--- Data supplied Enclosed Below ---
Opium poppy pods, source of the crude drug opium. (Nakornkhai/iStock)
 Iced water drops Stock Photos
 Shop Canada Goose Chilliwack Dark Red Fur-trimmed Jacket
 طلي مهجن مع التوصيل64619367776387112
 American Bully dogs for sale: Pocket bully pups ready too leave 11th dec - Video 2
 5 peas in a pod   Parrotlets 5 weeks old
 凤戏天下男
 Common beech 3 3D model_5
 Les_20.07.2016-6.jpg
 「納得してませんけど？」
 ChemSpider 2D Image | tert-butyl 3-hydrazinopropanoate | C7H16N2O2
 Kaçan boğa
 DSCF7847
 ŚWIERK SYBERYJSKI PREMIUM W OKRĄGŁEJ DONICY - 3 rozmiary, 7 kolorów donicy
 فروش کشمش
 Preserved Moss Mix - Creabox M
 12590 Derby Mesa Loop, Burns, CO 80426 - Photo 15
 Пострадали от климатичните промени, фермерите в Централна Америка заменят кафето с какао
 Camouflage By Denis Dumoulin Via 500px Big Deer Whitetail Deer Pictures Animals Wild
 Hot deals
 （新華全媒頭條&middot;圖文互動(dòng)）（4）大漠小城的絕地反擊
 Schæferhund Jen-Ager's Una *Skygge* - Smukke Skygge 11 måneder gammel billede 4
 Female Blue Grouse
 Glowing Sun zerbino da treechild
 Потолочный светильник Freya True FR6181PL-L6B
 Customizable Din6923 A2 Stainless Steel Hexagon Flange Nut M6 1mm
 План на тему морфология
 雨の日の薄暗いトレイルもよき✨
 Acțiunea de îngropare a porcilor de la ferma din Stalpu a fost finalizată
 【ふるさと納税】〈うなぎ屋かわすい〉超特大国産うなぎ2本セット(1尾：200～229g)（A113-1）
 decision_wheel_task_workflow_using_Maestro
--- End of Enclosed Data supplied ---
#### What is needed:
Beginning with the line that contains "Glowing Sun zerbino da treechild", write out every line through the end of the entries above, exactly.

#### Your solution:
 Glowing Sun zerbino da treechild
 Потолочный светильник Freya True FR6181PL-L6B
 Customizable Din6923 A2 Stainless Steel Hexagon Flange Nut M6 1mm
 План на тему морфология
 雨の日の薄暗いトレイルもよき✨
 Acțiunea de îngropare a porcilor de la ferma din Stalpu a fost finalizată
 【ふるさと納税】〈うなぎ屋かわすい〉超特大国産うなぎ2本セット(1尾：200～229g)（A113-1）
 decision_wheel_task_workflow_using_Maestro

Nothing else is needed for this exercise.